I would love to give a lecture back at my university about my craft. As mentioned, I consider myself a designer maker, this is because I often do design through making. I’d like to encourage others that it is okay to design this way as we are often expected to draw and plan ideas before making them. I’ve always found this to be limiting as I can’t always conceptualise an idea to its full potential without trying to physically make it.
When you conceptualise your jewellery, who’s wearing it?

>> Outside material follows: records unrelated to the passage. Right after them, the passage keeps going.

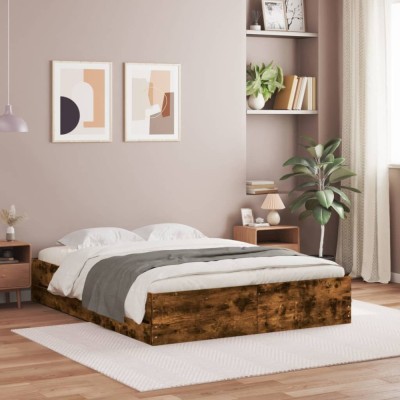 vidaXL Cadru pat cu sertare stejar fumuriu 140x190 cm lemn prelucrat foto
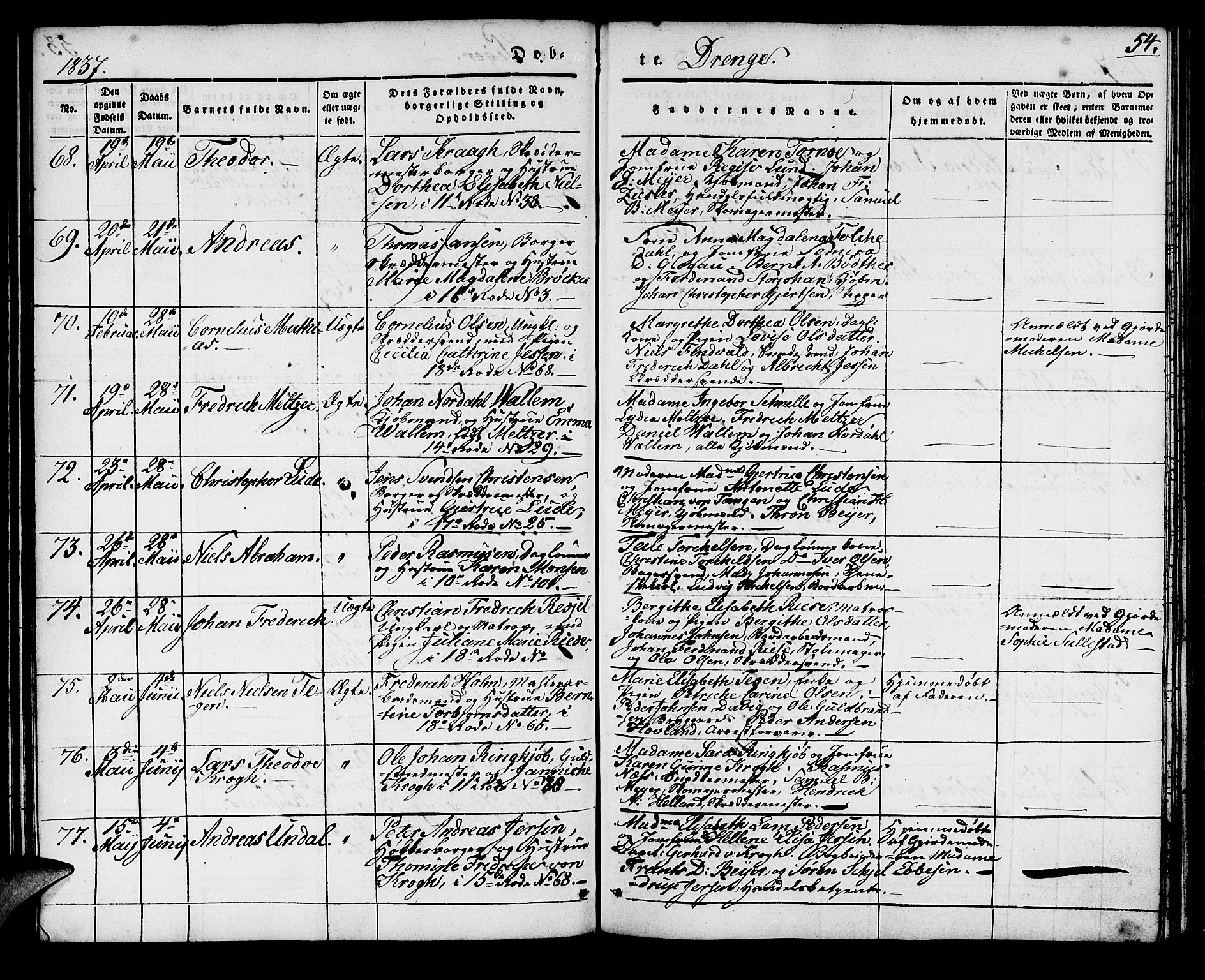 Domkirken sokneprestembete, SAB/A-74801/H/Haa/L0015: Parish register (official) no. A 14, 1835-1840, p. 54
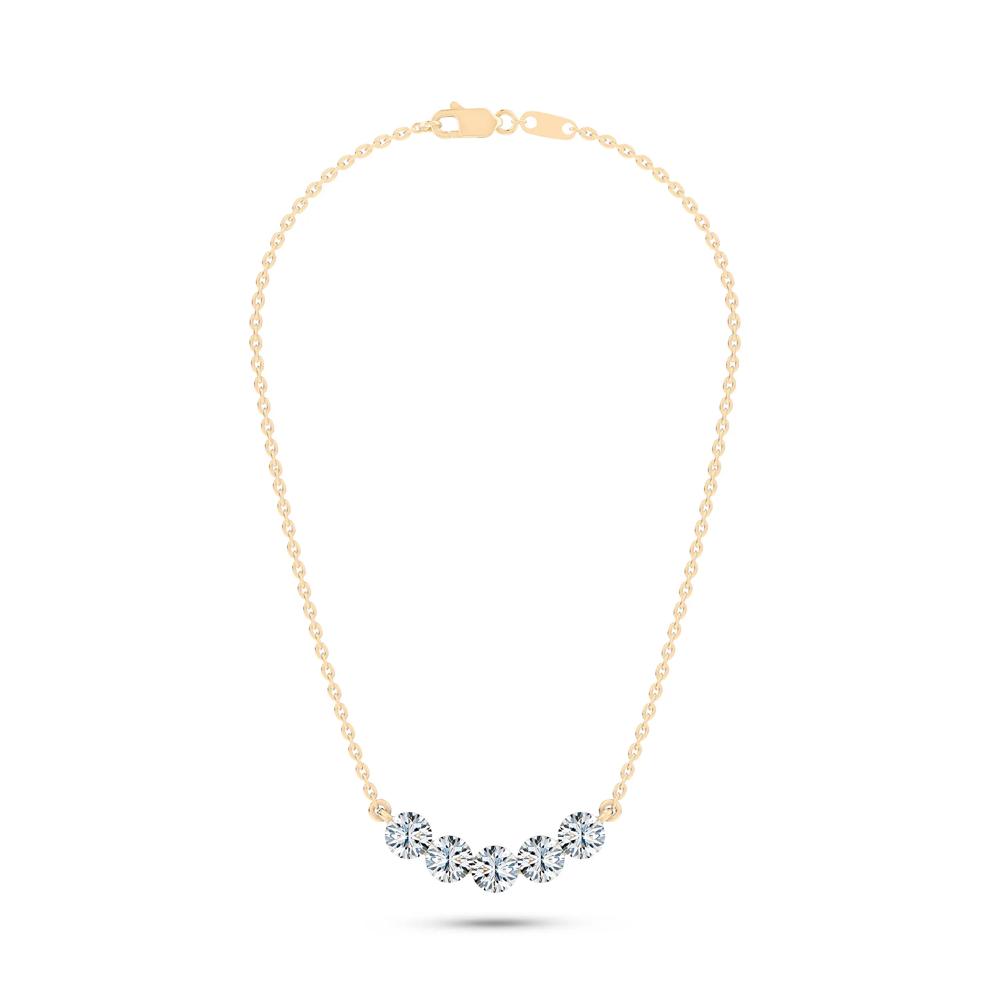 Lab Grown Diamond Invisible Set Five-Stone Smile Necklace in 14K Yellow Gold (1 ct. tw.) – Image 3 of 4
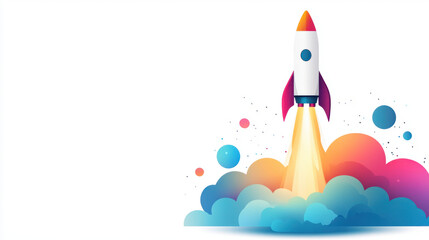Rocket icon,  Stylized 2D illustration featuring a sleek rocket with vibrant colors, ascending into the sky, leaving a trail of smoke, set against a stark white backdrop, perfect
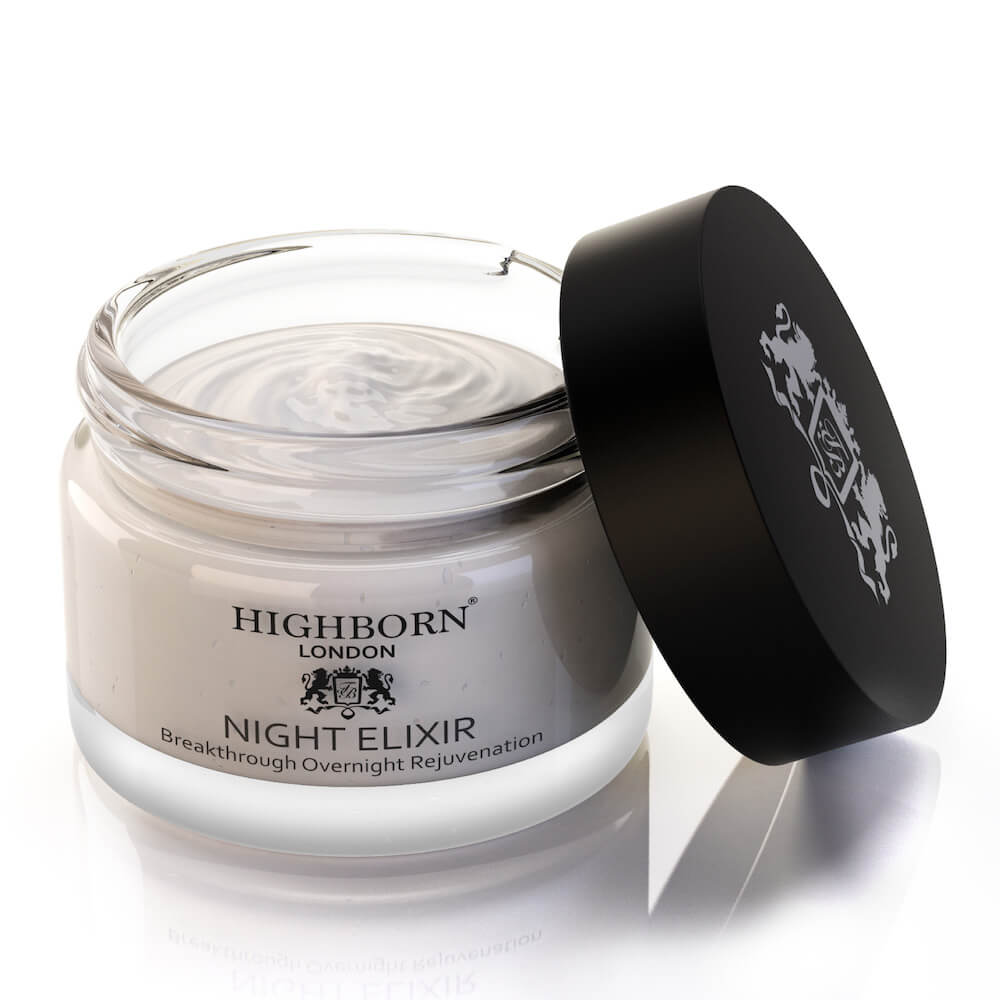 Highborn Night Elixir moisturising night cream jar with open lid on white background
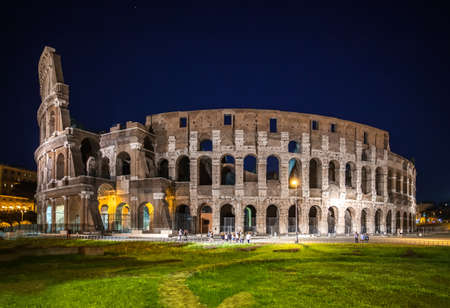 ROME, ITALY - JUNE 6, 2016: Night view of Coliseum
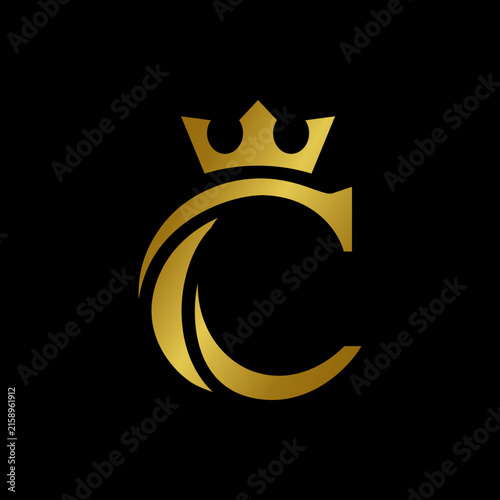 Elegant logo design the letter C with a shiny gold crown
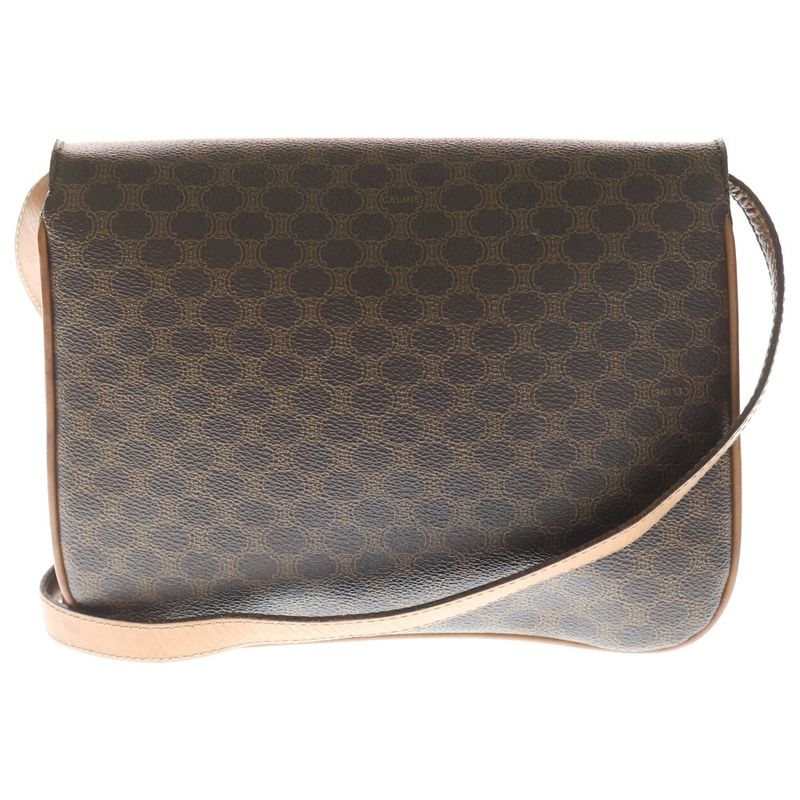 Celine Macadam Triomphe Leather Shoulder Bag Brown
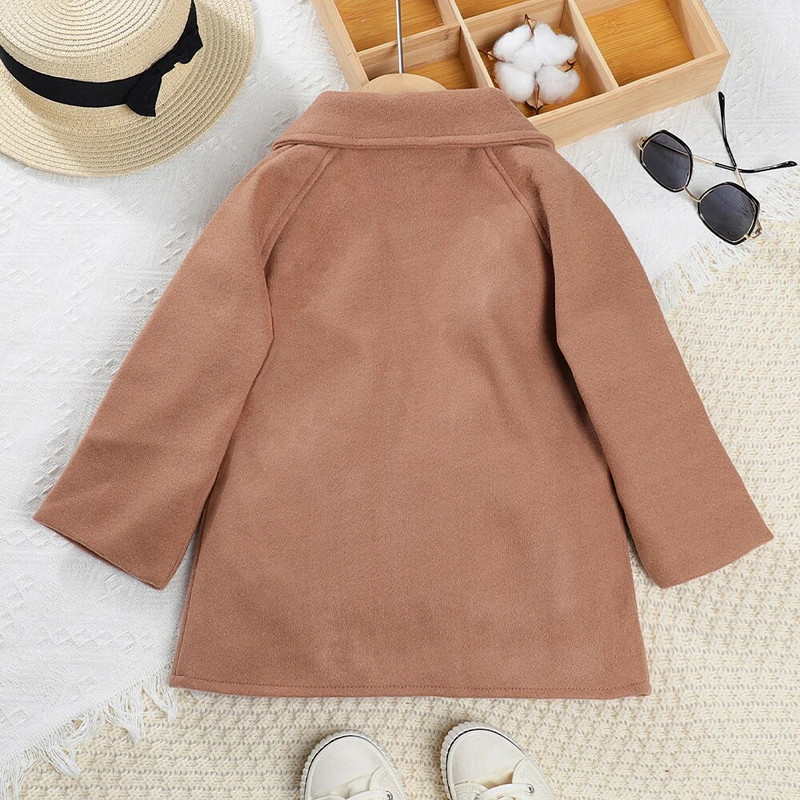 „Bear Leader“ mergaičių vilnonis paltas, 2023 m. rudens/žiemos naujas vaikiškas kostiumas, apykaklė, vilnonis vientisas paltas, vaikiškas madingas paltas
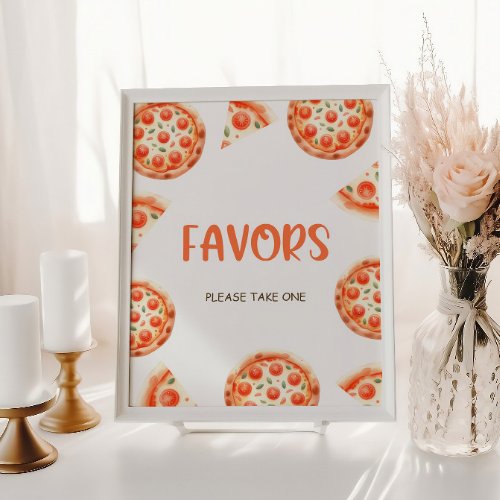 Pizza Baby Shower Favors Sign Slice Slice Baby Poster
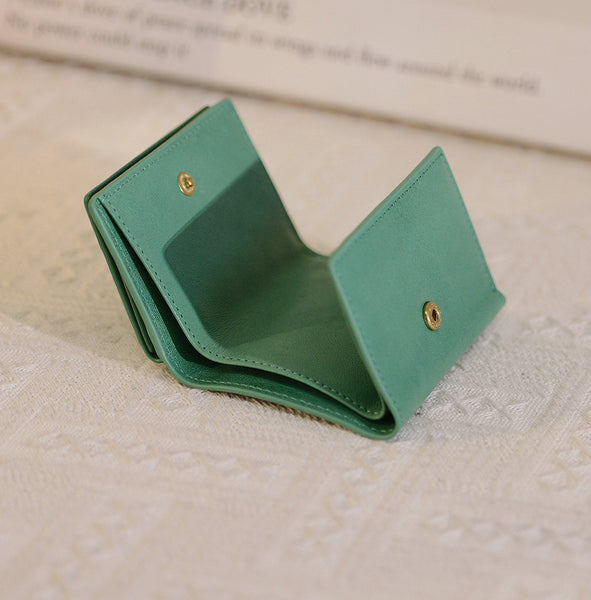 Vintage Genuine Leather Trifold Wallet for Women Small Compact Card Holder Cute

I’d like to think that my jewellery has a wide appeal for all ages. Due to the materials each piece is incredibly lightweight and suitable for everyday wear, because of the wearabilty it's easy to have a fun eye-catching addition to an outfit with minimal effort. At my most recent show I had some great feedback on the style and colour combinations which was fantastic to hear.
Your jewellery work is a synecdoche for your larger pieces, which one came first and how come?
The larger pieces came first and were a product of my degree show and subsequent design shows. I wanted to scale down the techniques into jewellery to show the versatility of my skills and techniques while making more affordable and marketable items.
Where are people going to find your work in ten years time?
Hopefully in their homes and jewellery boxes! I’d love to expand an interiors range after creating the lightshades last year. My website odettesmaldon.com will soon have a shop available to purchase the current jewellery range.
Are you accepting commissions now, and who is the dream client?
Absolutely! I would love the opportunity to create more large-scale pieces for specific places. A collaboration with Tom Dixon or Giles Miller would be a dream. I love their use of materials and the overall aesthetic.
What do you think splits design from fashion?
For the majority of my design education I always assumed I would design for fashion but in recent years this has migrated into more interest in interiors. I think the opportunity to translate design into a large array of products appeals to me presently. Fashion design can be fleeting in its lifespan but I strive for what I create to have a more lasting appeal.
Where were you in life when you started connecting the shapes?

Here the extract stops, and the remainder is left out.